Extracted records

== Segment start ==

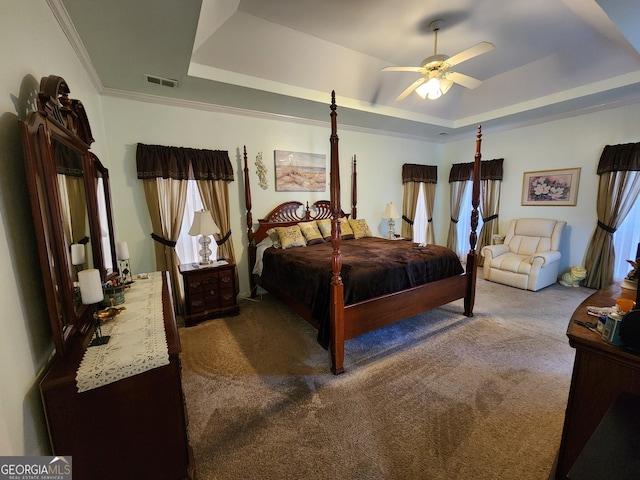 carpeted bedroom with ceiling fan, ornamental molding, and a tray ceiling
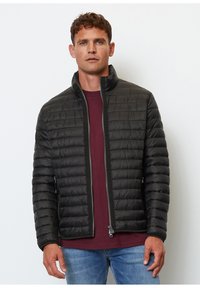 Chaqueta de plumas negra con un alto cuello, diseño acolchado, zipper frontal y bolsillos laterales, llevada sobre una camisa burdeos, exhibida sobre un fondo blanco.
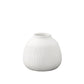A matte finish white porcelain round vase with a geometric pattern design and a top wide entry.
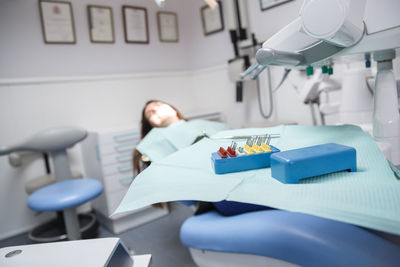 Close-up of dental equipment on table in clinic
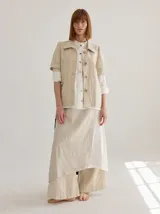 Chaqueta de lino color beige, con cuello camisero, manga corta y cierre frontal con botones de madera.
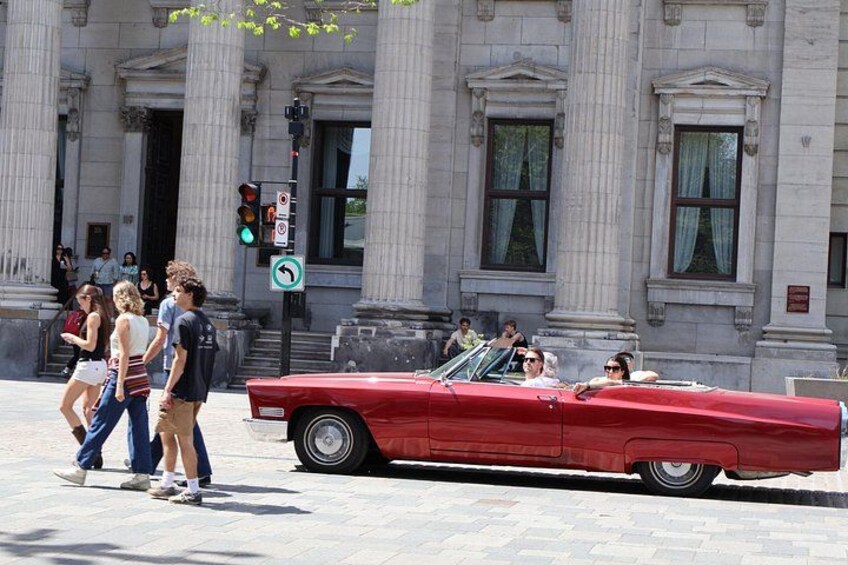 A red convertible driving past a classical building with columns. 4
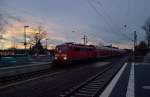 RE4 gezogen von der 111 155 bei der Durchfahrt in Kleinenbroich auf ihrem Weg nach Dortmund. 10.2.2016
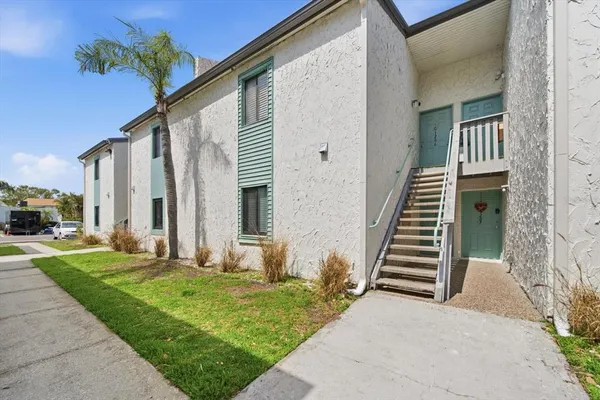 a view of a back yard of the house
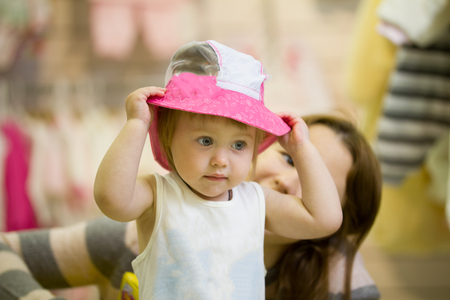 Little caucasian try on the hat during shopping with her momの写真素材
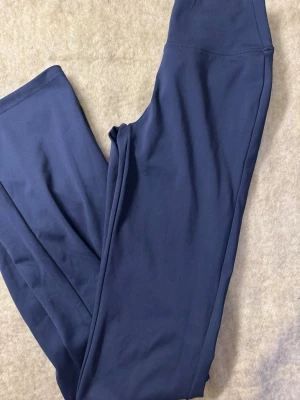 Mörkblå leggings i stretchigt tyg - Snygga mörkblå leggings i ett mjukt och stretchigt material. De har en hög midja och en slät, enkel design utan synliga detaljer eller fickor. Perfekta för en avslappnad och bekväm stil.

== Segment end ==
== Segment start ==

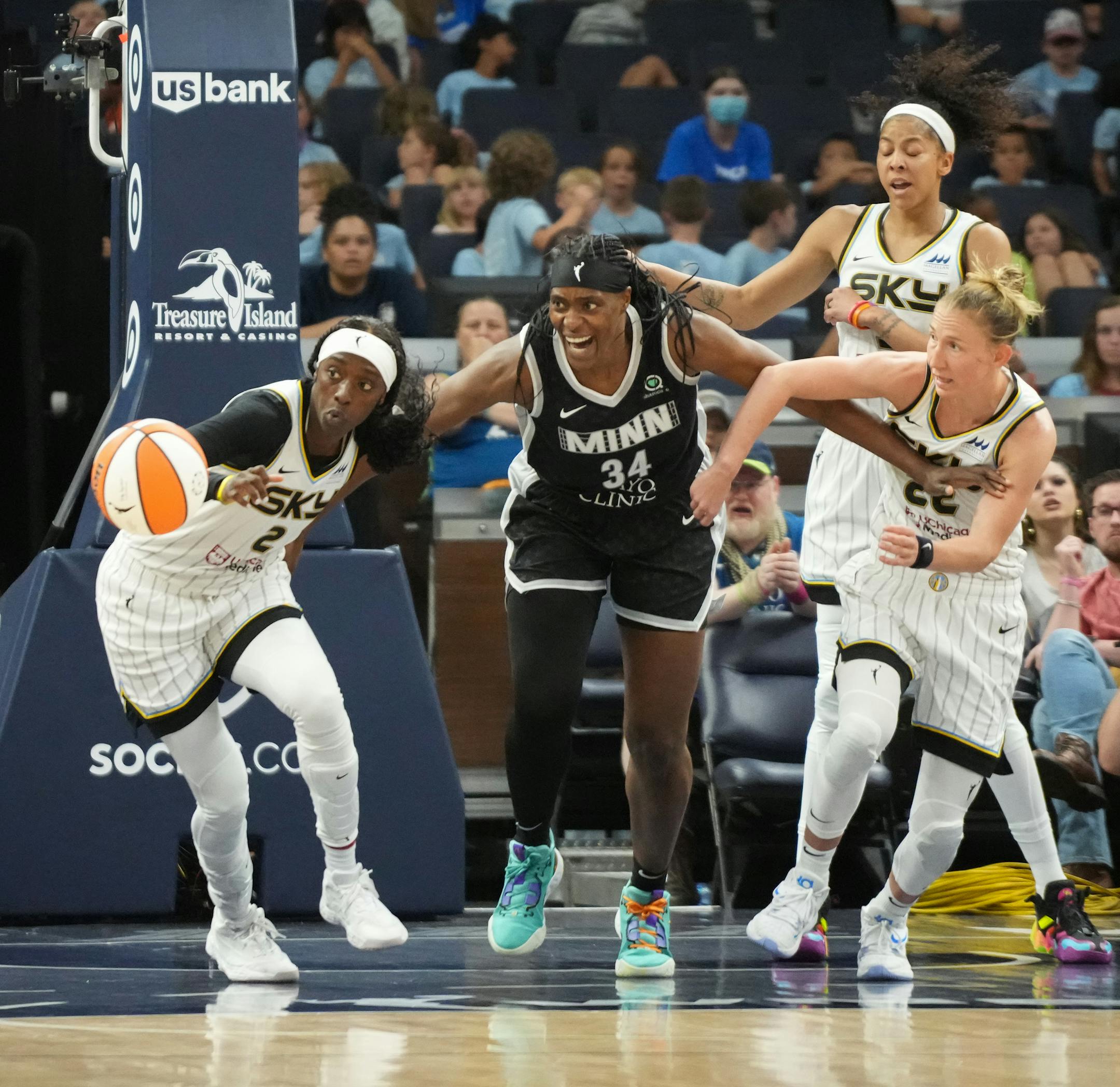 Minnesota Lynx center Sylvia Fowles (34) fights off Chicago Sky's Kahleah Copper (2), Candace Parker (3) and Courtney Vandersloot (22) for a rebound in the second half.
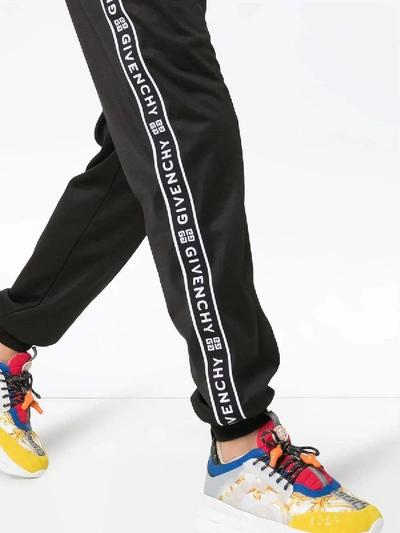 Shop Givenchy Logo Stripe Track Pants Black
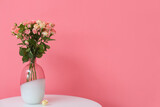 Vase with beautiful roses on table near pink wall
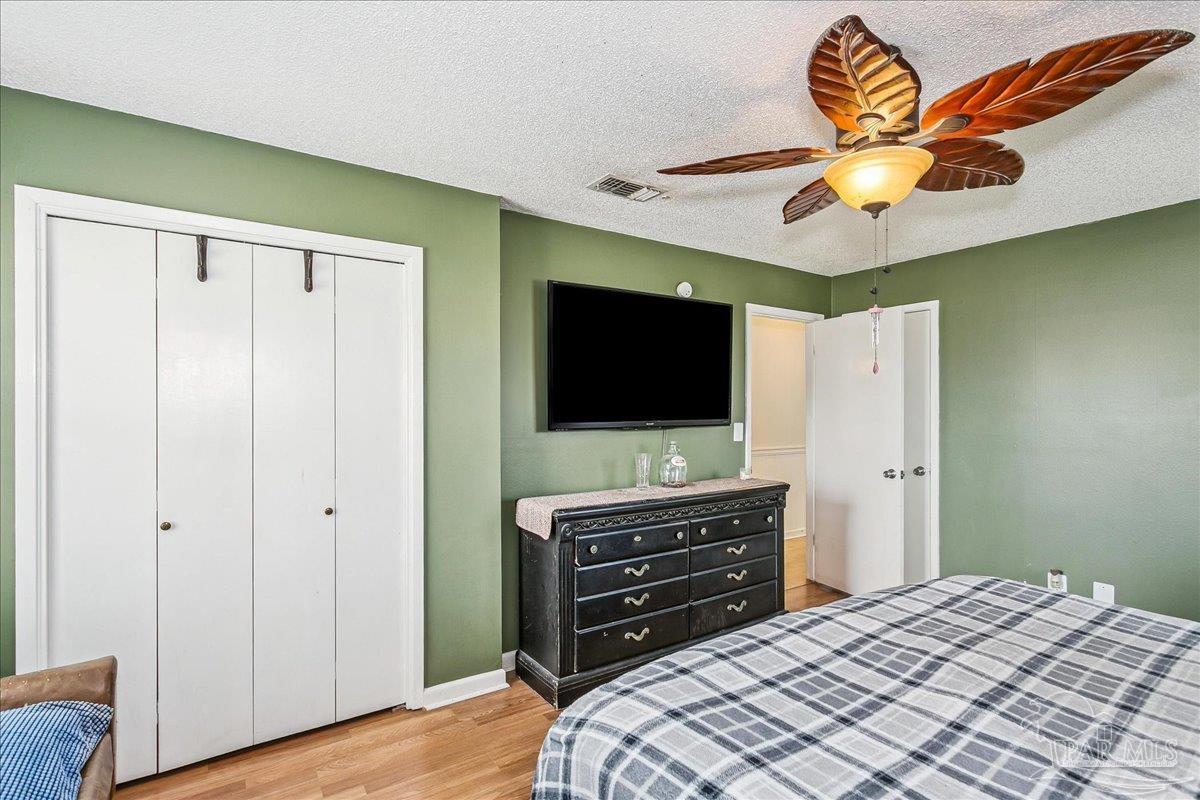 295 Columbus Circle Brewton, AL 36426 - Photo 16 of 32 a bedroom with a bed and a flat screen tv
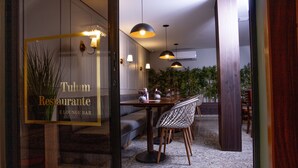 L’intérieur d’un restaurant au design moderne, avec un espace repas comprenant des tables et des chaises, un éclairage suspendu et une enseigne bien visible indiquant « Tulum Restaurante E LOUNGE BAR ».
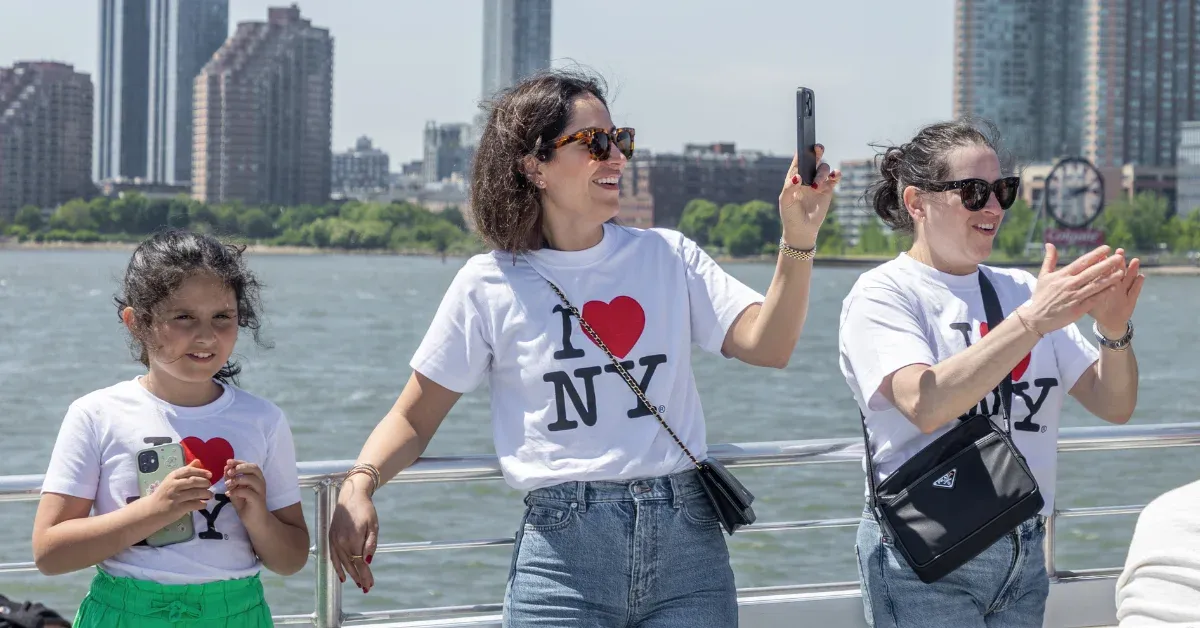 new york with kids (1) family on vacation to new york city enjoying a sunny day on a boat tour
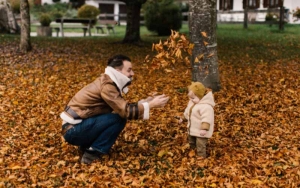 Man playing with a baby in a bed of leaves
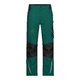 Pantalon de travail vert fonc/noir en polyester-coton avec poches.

== Segment end ==

◆ Task prompt ◆
Working from the entries above, reproduce exactly and only the lines beginning with the line that has "Man playing with a baby in a bed of leaves" and ending with the line that has "Pantalon de travail"; omit all pictures.

◆ Result ◆
 Man playing with a baby in a bed of leaves
 Pantalon de travail vert fonc/noir en polyester-coton avec poches.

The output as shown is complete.